Analyze the Real-Time Behavior of All Cores Concurrently

Sometimes traditional Stop-Mode-Debugging may be not sufficient. Program flow data provided by our Trace extensions shows you exactly which instructions have been executed and how long it took to execute them, without interfering with the application being tested. This is useful e.g. to locate hard-to-find bugs that only occur at run-time, to ensure that your application meets all timing requirements, or to create code coverage reports for certification.

With our trace tools, you can capture real-time traces on any multicore SoC that provides a trace interface or on-chip buffer. It doesn't matter what type of multi-core system you are using: Symmetric Multiprocessing (SMP), Asymmetric Multiprocessing (AMP), Integrated Asymmetric Multiprocessing (iAMP), or any kind of mix.

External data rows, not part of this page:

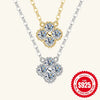 Wholesale Necklace S925 Sterling Silver Fourleaf Clover Pendant Gold Plated With O Word Chain For Women Geometric Style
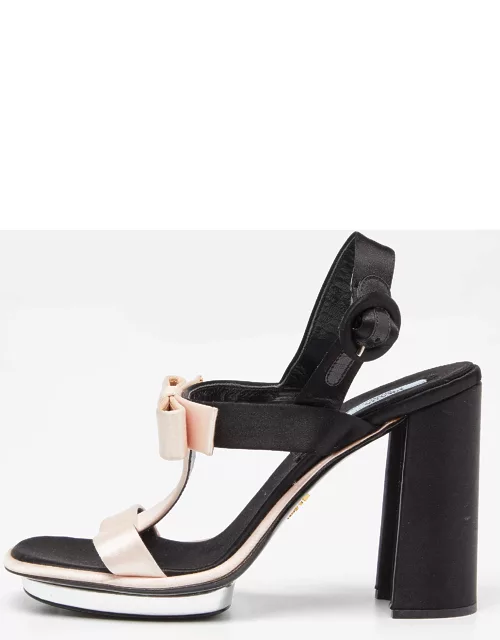 Prada Pink/Black Satin Bow T-Bar Ankle Strap Sandal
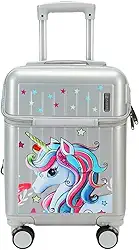 Mala Viagem Infantil Bordo Escolar Passeio Rígida Expansível Decorada (Prateada)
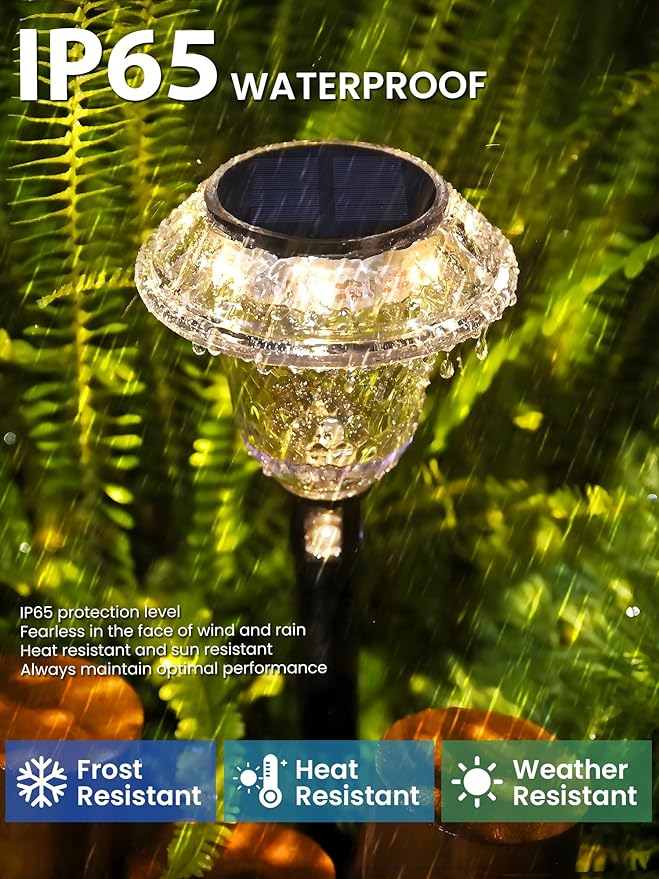 SOLPEX Solar Pathway Lights Garden Decor for Yard, Garden Lights Solar Powered Waterproof Landscape Lighting, Solar Outdoor Lights Porch Decor for Path Walkway Driveway (8 Pack Warm White)-VerdiqueGarden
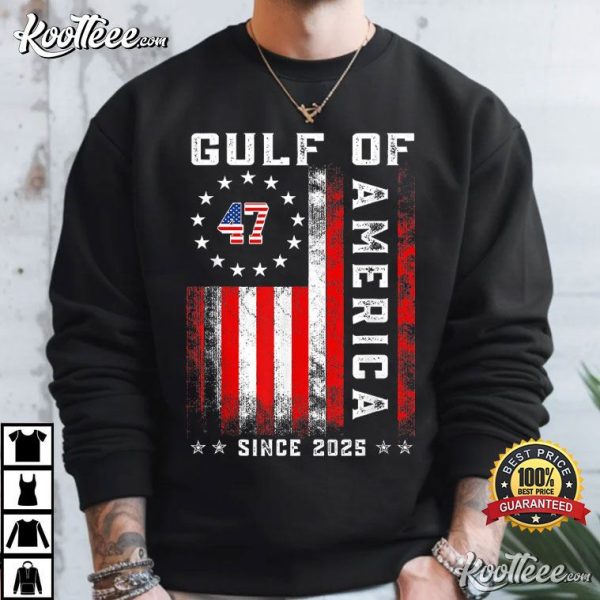 Gulf Of America Funny Vintage USA Flag T-Shirt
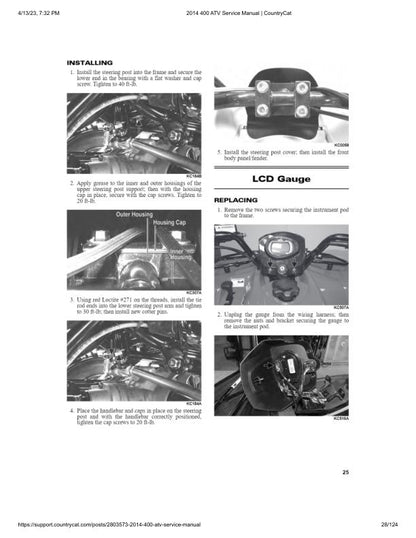 Arctic Cat 400 ATV Service Manual sample page from service manual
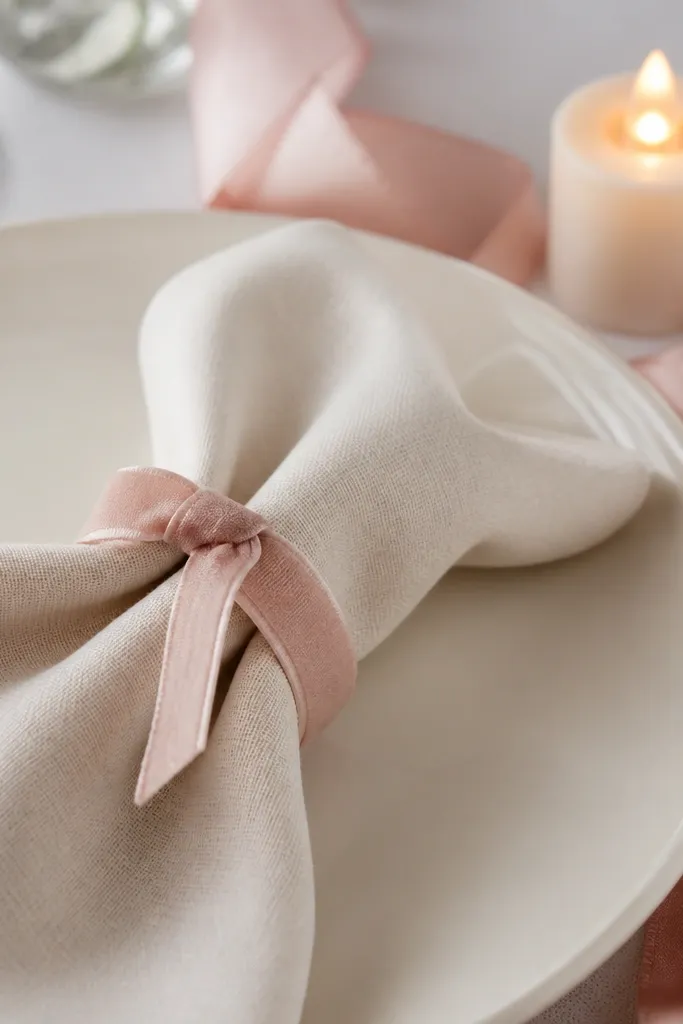A small ring made of ribbon around a napkin, with a nearby LED candle and blush ribbon accents on a plate.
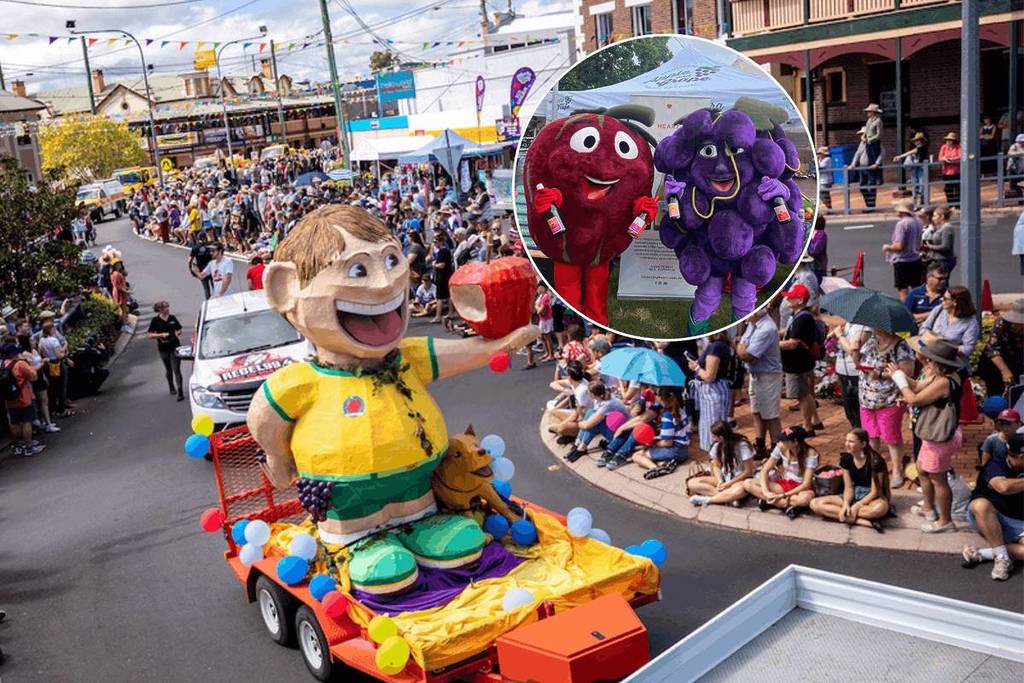 apple and grape harvest festival stanthorpe parade mascots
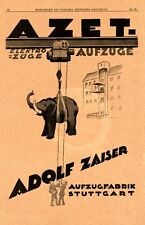 Zaiser Aufzüge Stuttgart Reklame von 1928 Elefant Lastenaufzug Lift Werbung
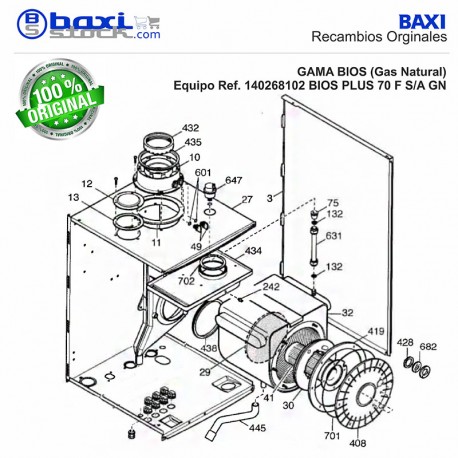 JUNTA COLECTOR SALIDA HUMOS BIOS/POWER HT 50-70 PLUS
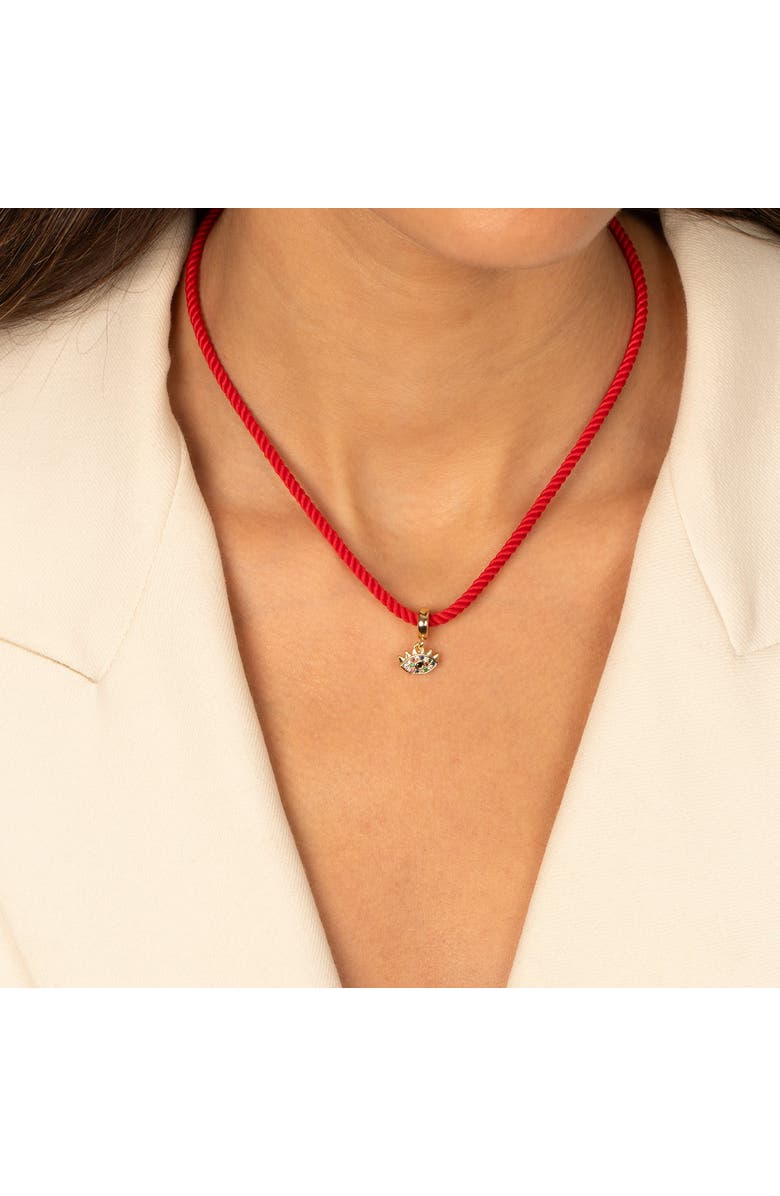 BY ADINA EDEN Multi-Color CZ Evil Eye Charm, Alternate, color, Multi Color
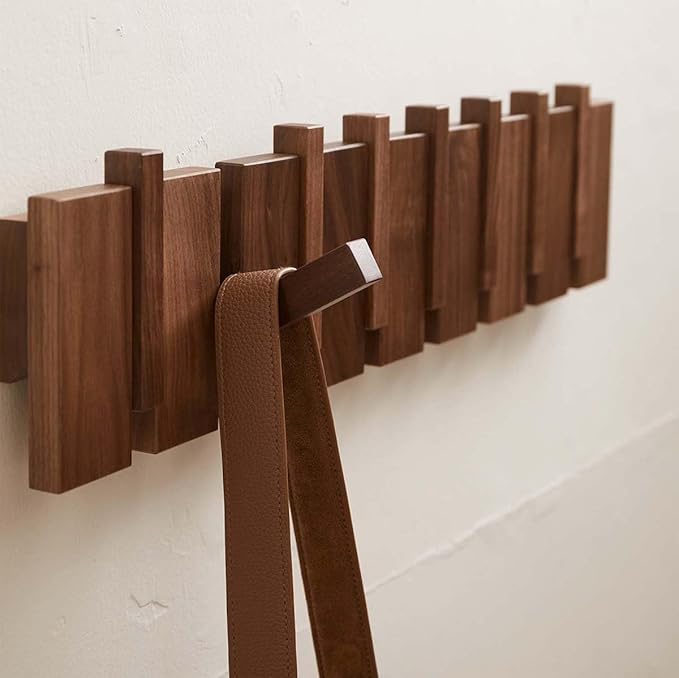 QUELLANCE Wood Coat Rack Wall Mount, Coat Hooks Hanger Wall Mounted, Heavy Duty - Image 2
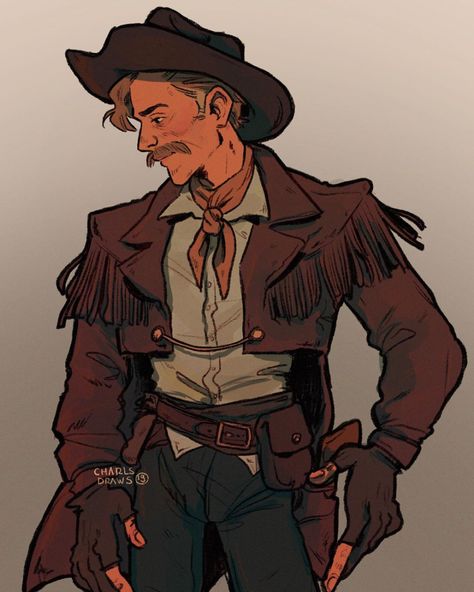 Cowboy Character Design, Cowboy Draw, Outfit Drawing, Cowboy Outfit, Cowboy Design, Oc Stuff, Western Comics, Oc Drawings, Cowboy Outfits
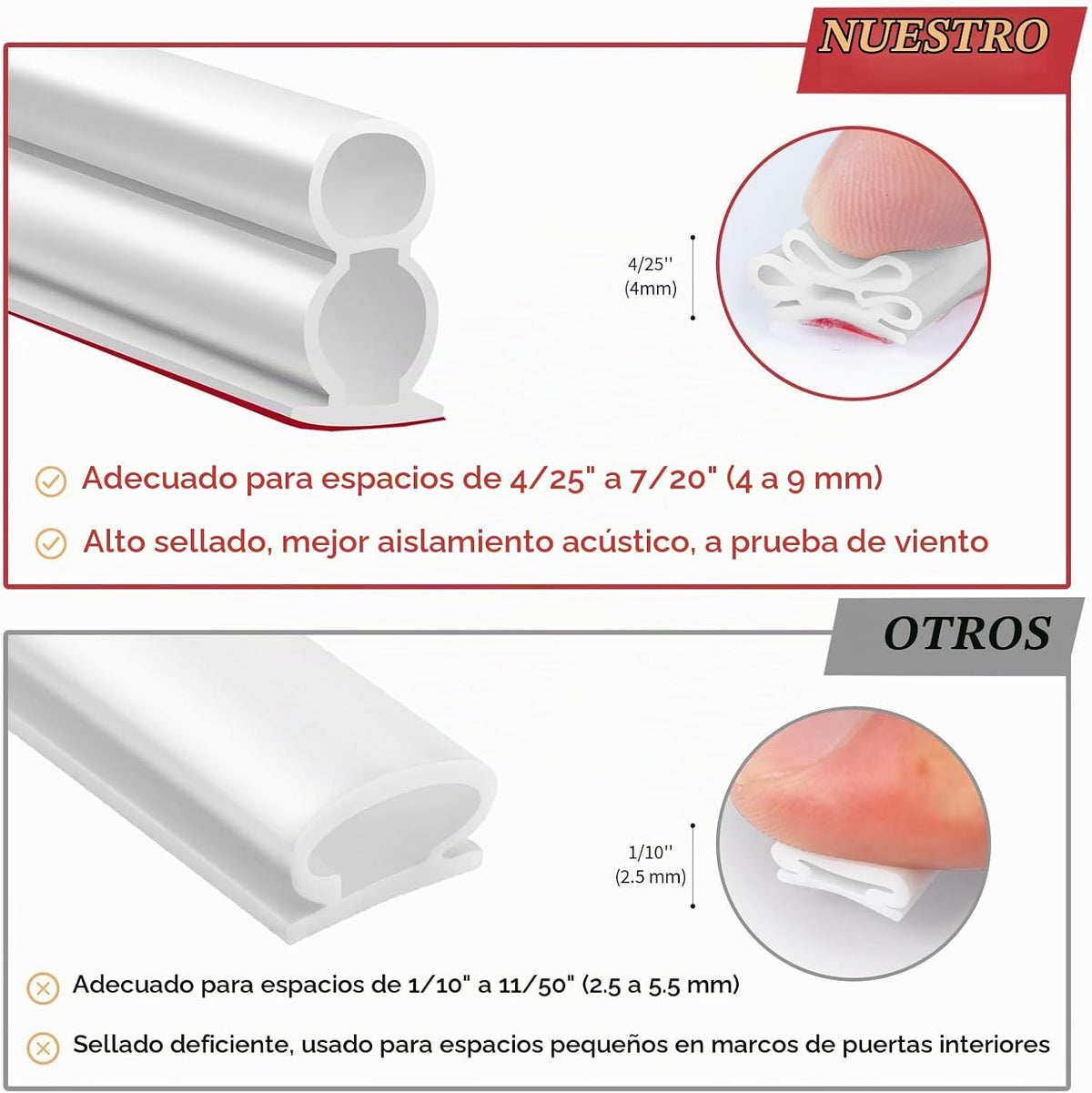 BISOTHAI Burlete de goma para clima de 40 pies para sellado de puer...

Modern multi-core SoC merge the trace data from all cores, so you only need a single trace probe to capture the off-chip trace of all cores all together.

Multi-Core Off-Chip Tracing

Off-Chip-Trace is ideal when:

  • You want to find Heisenbugs, which appear only in real-time. If the bug occurs only occasionally or has complex causes, you might want to record over a long period of time.
  • You want Code Coverage and Timing Analysis, which requires the collection of trace information over a long period of time. A long recording is assured with the large trace buffers provided in our TRACE32® PowerTrace modules.
  • You want to stream trace data to your Host-PC to see Code Coverage results in real-time, or to capture extremely long trace recordings for very comprehensive analysis.
  • Stopping the target periodically is not an option for you. Therefore, transferring a small on-chip trace buffer to the host-PC is out of the question You need a large off-chip trace buffer.
  • There is no sufficient On-Chip trace buffer implemented (or a trace buffer with insufficient size to satisfy to your needs.
Multicore Off-Chip Tracing
10multicore_Multi-CoreOnChipTracing.JPG

Multi-Core On-Chip Tracing

On-Chip-Trace is ideal when:

  • You want to find Heisenbugs, which appear only in real-time.
  • The size-limited on-chip trace buffer is sufficient to collect the necessary trace information for your trouble-shooting scenarios.
  • You don’t have to perform real-time tracing for a longer period of time.
  • You don’t need Code Coverage and Timing Analysis.
  • The chip is limited to a debug port and has not implemented a separate trace port.
DEBUG AND TRACE POPULAR MULTICORE SOCs

Our Tools Cover Them All

Our TRACE32® Debug- and Trace tools cover all popular available multicore SoCs. In this section you find seven examples of very successful and complex SoCs from different and well-known chip manufacturers - and your ideal TRACE32® configuration to debug and trace them easily and quickly.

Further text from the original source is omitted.